Most Champaign County kids are back at school by now, in their classrooms with their teachers for lessons, curriculum, and hopefully lots of educational adventure and discovery!
Any program of learning must, by definition, include the basics. In my Concord School days, the fundamentals were still occasionally referred to as the 3 R’s. Being a fairly proficient elementary speller, I questioned that neither “writing” nor “arithmetic” actually began with the letter “R.” Nevertheless, I was properly schooled, receiving a sound basic education that has stood the test of time.
In this age of highfalutin verbiage for what kids learn in school – core courses, model curricula, and the like – it still all boils down to Reading, Writing, and Arithmetic, does it not? Thus, I have watched time march on this week as viewed through my 3 R’s filter.
For example, I cannot envision a day during which I do not read something. Whether I am between library books or totally engrossed in yet another historical novel, I spend a portion of every single day mentally interacting with the written word. I gratefully attribute this lifelong habit to my mother, herself a voracious reader, who read to us regularly and just as regularly carted us off to the library.
The little people who once populated my life and my lap have all since moved on and away and created little people of their own. But while they were around, it sure was fun to carry on Mother’s tradition by reading aloud a book or two now and then – even if it involved Goodnight Moon every night for a whole month or Hop on Pop for the 23rd time.
According to an article shared on Facebook by Debbie Bair: “Reading aloud to your kids makes them smarter and kinder. And the best part – it’s free, it doesn’t take long, and anyone can do it.” Sadly, another article pointed out that kids read to every day experience 60% more words than children deprived of the daily ritual. By the time they all show up together for kindergarten 1,825 days after birth, a clear education gap has already been established. Just imagine how far along all our children would be if they could hear 1,825 books by the time they cross the thresholds of their kindergarten classrooms.

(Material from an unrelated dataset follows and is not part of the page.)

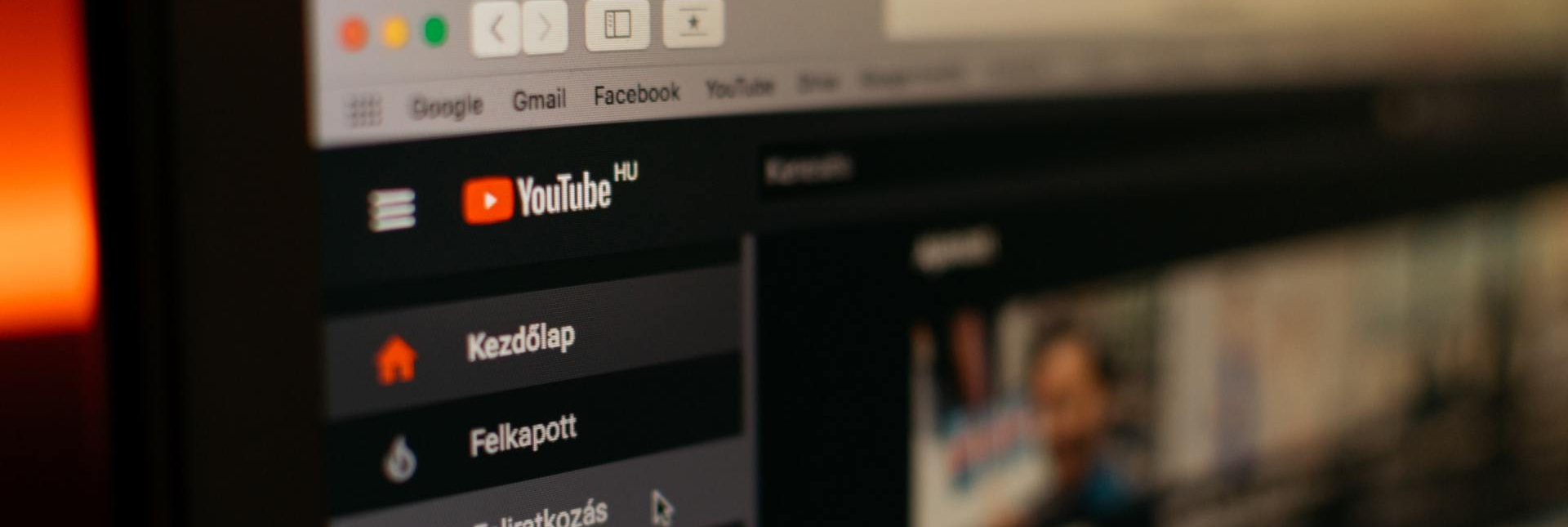 Um close de uma tela de computador com o logotipo do YouTube.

By the way, I also appreciated a list of words passed along by Gina Van Hoose-Levy via Facebook, words that are fun to read and even more fun to say. Some people are unfortunately “flabbergasted” whenever they are “bamboozled,” and “nincompoops” should learn to “skedaddle” before becoming embroiled in a “brouhaha” or a “kerfuffle” of some sort. I even found three of my own mother’s favorite words on the list, although they were not so much fun when she became “discombobulated” at our “lollygagging” around or causing unnecessary “hullabaloo”!

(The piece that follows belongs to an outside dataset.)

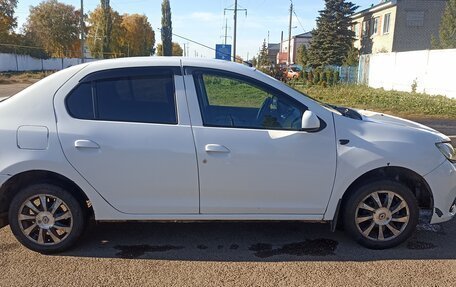 Renault Logan II, 2016 год, 350 000 рублей, 2 фотография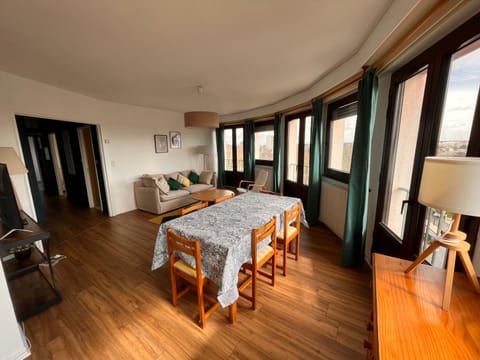 Appartement lumineux centre ville Apartment in Centre-Val de Loire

Moving on to the second “R,” that of writing, I find it interesting to hear that the discipline of cursive writing is back in the news and perhaps even in the schools. Dropped from many school programs in favor of keyboarding skills, this style of penmanship is to make a return to Ohio’s state curriculum, according to a law signed by Governor Kasich last December.

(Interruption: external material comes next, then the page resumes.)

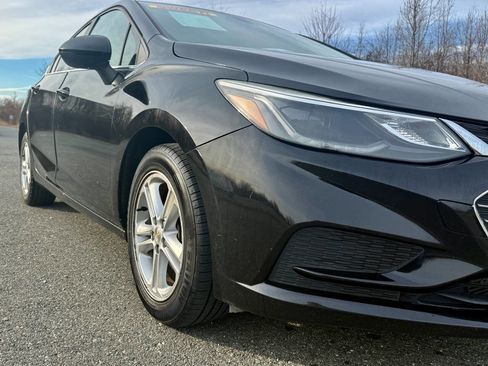 Used 2018 Chevrolet Cruze LT w/ Convenience Package image 8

However, HB 58 stopped short of mandating that students learn to flowingly connect the letters of the words they write. Rather, the new law requires the Ohio Department of Education to “include supplemental materials in cursive handwriting in the English Language Arts Model Curriculum.” School districts may then “choose to adopt all or part of those materials.” Now there is a law with real teeth: schools may “choose” to adopt “supplemental” materials!
Personally, I believe it would be wise to reintroduce cursive handwriting for the sheer ability to read our national documents – written in longhand, as they are – or maybe even Grandpa and Grandma’s love letters stashed somewhere in the attic!
Speaking of writing, I am hoping we all will consider and/or renew our efforts to contact our elected officials about pressing issues. Handwritten letters? Perhaps. But every legislator in Washington has a website complete with e-mail capability for ease of communication. In addition, many in Congress and the Senate also have Facebook pages and Twitter accounts. If nothing else, forward a copy of my AGAIN article from earlier this month. Write to them, and then write to them again. And keep writing!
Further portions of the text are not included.